Perhaps they would let her organize a ‘boot camp’ to improve departmental efficiency… She should probably wait to ask until she has some more experience under her belt. Maybe in a few years.
There were four hundred and seven security checkpoints operated by thinkerprint scanners within the greater Motherlobe complex. When the device has no issues, after a learning curve, the disassembly process takes three minutes and change. It takes about two minutes to cordon off the checkpoint and to reverse the process. It averages about ninety seconds to move from one checkpoint to the next. Theoretically, she could clear eight doors in an hour, eight hours per day, putting the total time to completion to about seven business days.
Given how many doors have some sort of issue that would take additional time to resolve, this would take about ten, by Tanya’s estimate. Given that the security perimeter amounted to enough that she couldn’t get even that much done before the weekend, that was unacceptable.
Which is why she bullied Jerry into assigning her a pair of tradesmen to assist her. With them handling the cordoning off and disassembly, she doubled her efficiency, as they were also quite helpful when it came to dealing with the warehouse.
There was a bit of a ‘breaking in’ period that slowed down the afternoon, but Tanya asked Jerry for the ex-military types for a reason. “Clean up!” She barked out as she finished affixing the scanner into place.
“Yes sir!” Replied Technician Ngyuen. He was a 24 year old freshly certified electrician. Also a veteran Comm-PSI from the Vietnam war. Tanya spent a few weeks in a paranoid spiral when she learned that there was actually a draft for psychics, although they never went to the point of recruiting underage ones. Fortunately, she doesn’t need to worry about that until they change the rules, as with the current ones, Psychonauts are exempt from the draft.

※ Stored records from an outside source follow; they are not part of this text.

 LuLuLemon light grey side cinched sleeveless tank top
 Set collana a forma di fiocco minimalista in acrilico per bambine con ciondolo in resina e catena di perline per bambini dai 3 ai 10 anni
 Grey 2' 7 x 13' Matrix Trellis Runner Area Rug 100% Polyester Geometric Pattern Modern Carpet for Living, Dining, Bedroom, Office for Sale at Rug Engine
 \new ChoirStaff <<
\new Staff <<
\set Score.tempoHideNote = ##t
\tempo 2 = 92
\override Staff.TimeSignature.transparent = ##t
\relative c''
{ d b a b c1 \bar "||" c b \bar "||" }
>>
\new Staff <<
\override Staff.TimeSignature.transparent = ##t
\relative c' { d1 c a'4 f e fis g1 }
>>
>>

Tanya left the man to do the last assembly steps followed by opening up the passage. He knows where he’s supposed to go next after he is done. “Ready?” Tanya asked her other assistant.
“Yes sir!” Replied Technician Dubois. His story was broadly similar to Ngyuen, Vietnam veteran, certified electrician. He was older, at 31, and he was a D-PSI, as in, someone who fought in combat using psychic powers. In his case, he specialized in pyrokinesis, which is far more precise of a weapon than napalm.

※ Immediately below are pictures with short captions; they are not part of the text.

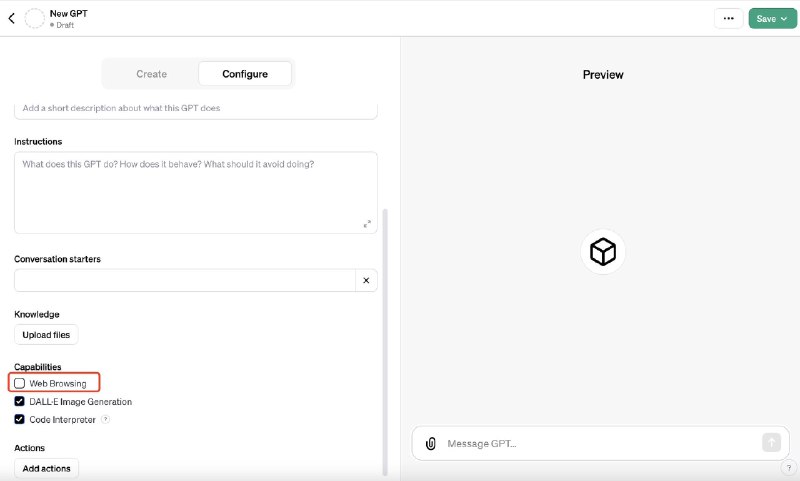 30秒，让你的GPTs用上 WebPilot:- 第一步: 在Config Tab中, 取消勾选 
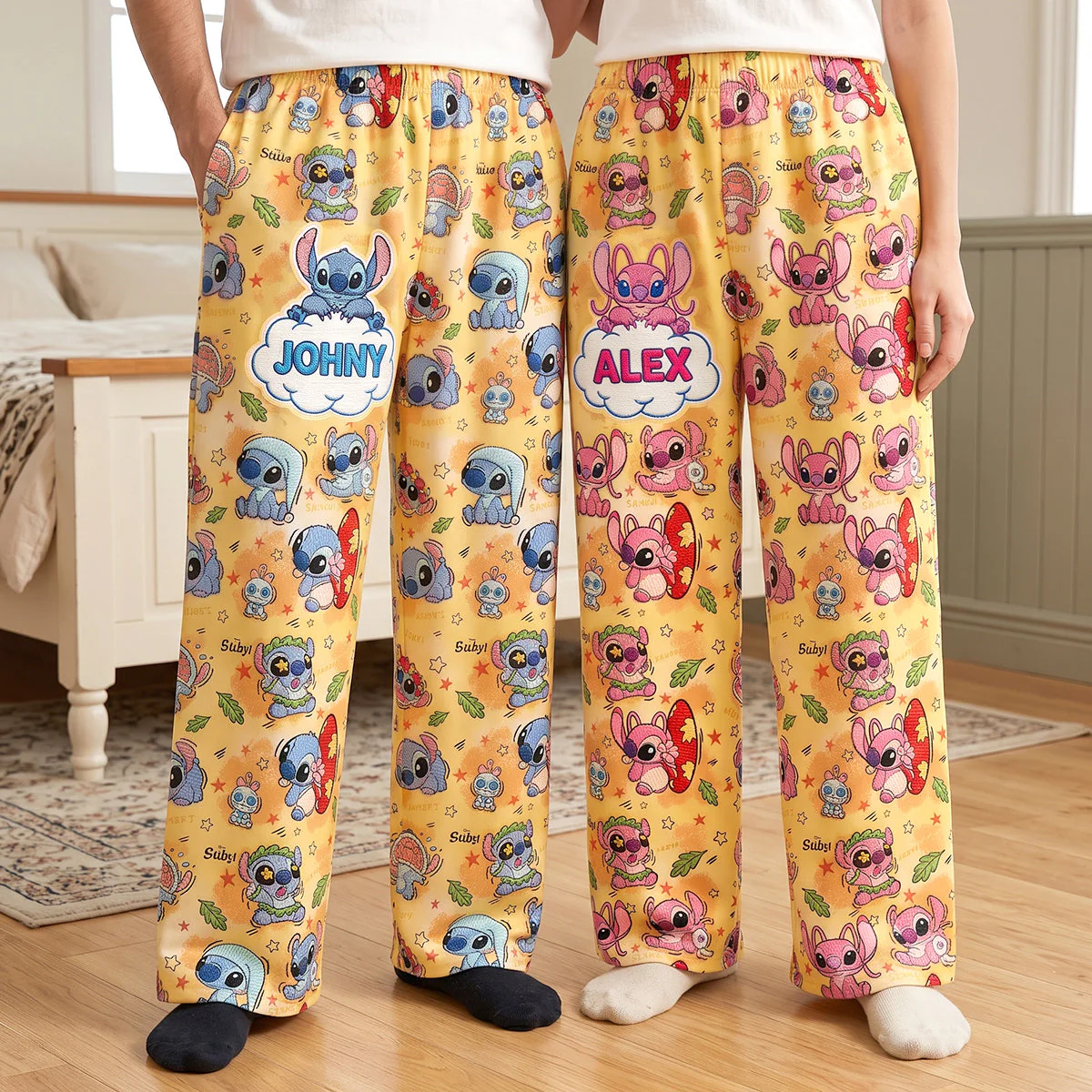 Personalized Pajama Pants for Couples Custom Name Gift AOP Sweatpants GradoCreations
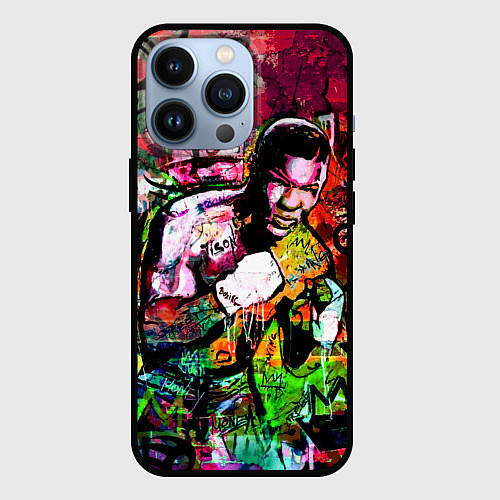 Чехол iPhone 13 Pro Майк Тайсон граффити / 3D-Черный – фото 1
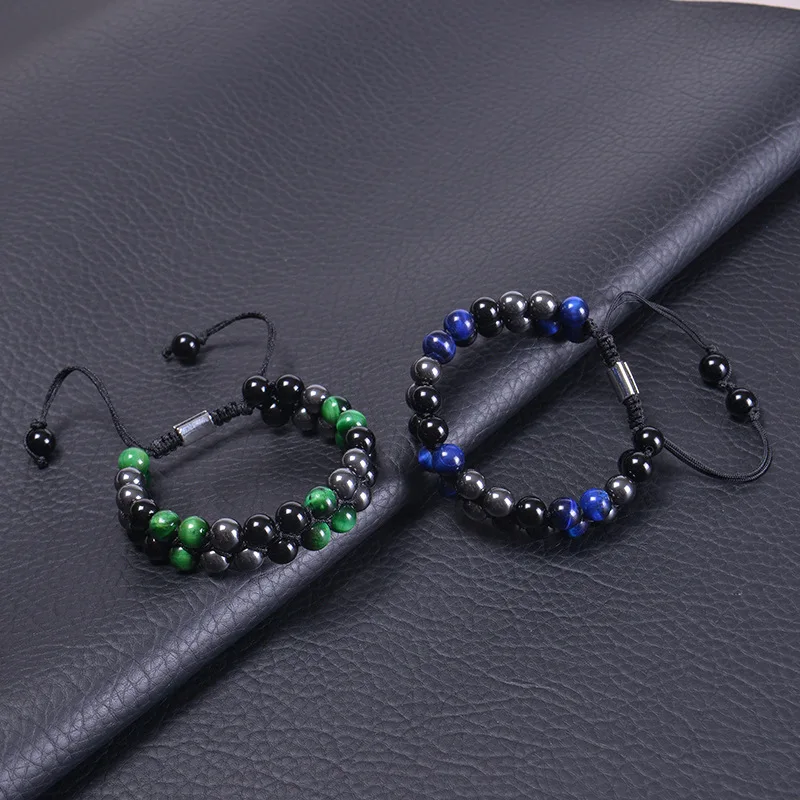 Triple Protection Bracelet 8mm Beads Bracelet Tigers Eye Black Obsidian Hematite Bracelet for Men Women Healing Crystal Bangle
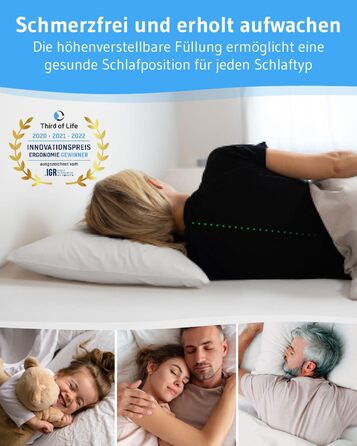 2-Pack Pillows 40x80 VERDA, 100% Sustainable, Orthopedic 40 x 80 cm Bed Pillows, Pillow made from Recycled Material, Adjustable Height for Back Sleepers, Side Sleepers, Allergy-Friendly Pillow 40x80 cm - Double Pack
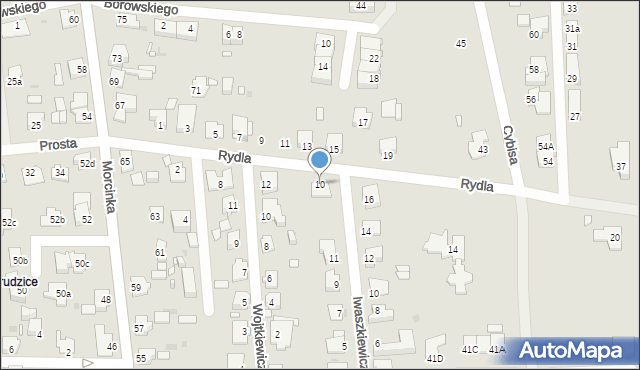 Opole, Rydla Lucjana, 10, mapa Opola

Needless to say, the Psychonauts’ excellent mental health care was a big draw to them in accepting their current positions.
With the door partially disassembled, Tanya immediately got to extracting and inspecting the scanner. Another sabotaged one. “Code Yellow this one.” She said, depositing it into the bin that was floating behind them. Tanya double-checked the map. This door didn’t lead anywhere particularly important, past this point was mostly meditation chambers for the usage of various esoteric psychic powers. That was something of a pattern, the doors that were compromised were distributed fairly randomly, which was promising: it meant that it was unlikely that the people behind this had compromised anything important.
Accepting the replacement that Dubois had passed her, she briefly scanned it to check that it was clean and slotted it back in, securing the connections before starting to float away. “Clean up!”
“Yes sir!”
And so it went. Tanya called it a day at the hundredth scanner, as it was close enough to the quitting time that it wasn’t worth squeezing in one or two more doors. “Pack up, we’ll take those commies by storm first thing in the morning.” Tanya said to her subordinates. She picked up the bin of compromised scanners. Twelve of them. “This is why we’re working to the best of our ability: without our vigilance, who knows what the commies could slip past security? You’ve done good work, soldiers, I expect to see one hundred percent tomorrow, with no hesitation!”
“Sir, yes sir!” Both of them said before packing up the various materials required for the job. Tanya took the Code Yellow bin with her as she walked to the maintenance department.
On the way, one of the only Psychonauts shorter than her synchronized his pace to hers. “That was some impressive leadership, soldier.” Agent Oleander said gruffly, before continuing in a much gentler, nervous tone. “But… How did you get them to listen to you like that? Give you respect? The ex-military types all laugh at me when I try to boss them around. Even if I actually am their boss at the time.” While Agent Oleander’s eccentricities were well known, he was actually one of the most senior Psychonauts, having joined up in the initial recruitment drive when the Psychonauts were forming into what they are today. In fact, he was handpicked by Bob Zanotto to lead teams, back during the time when he was competent at his job.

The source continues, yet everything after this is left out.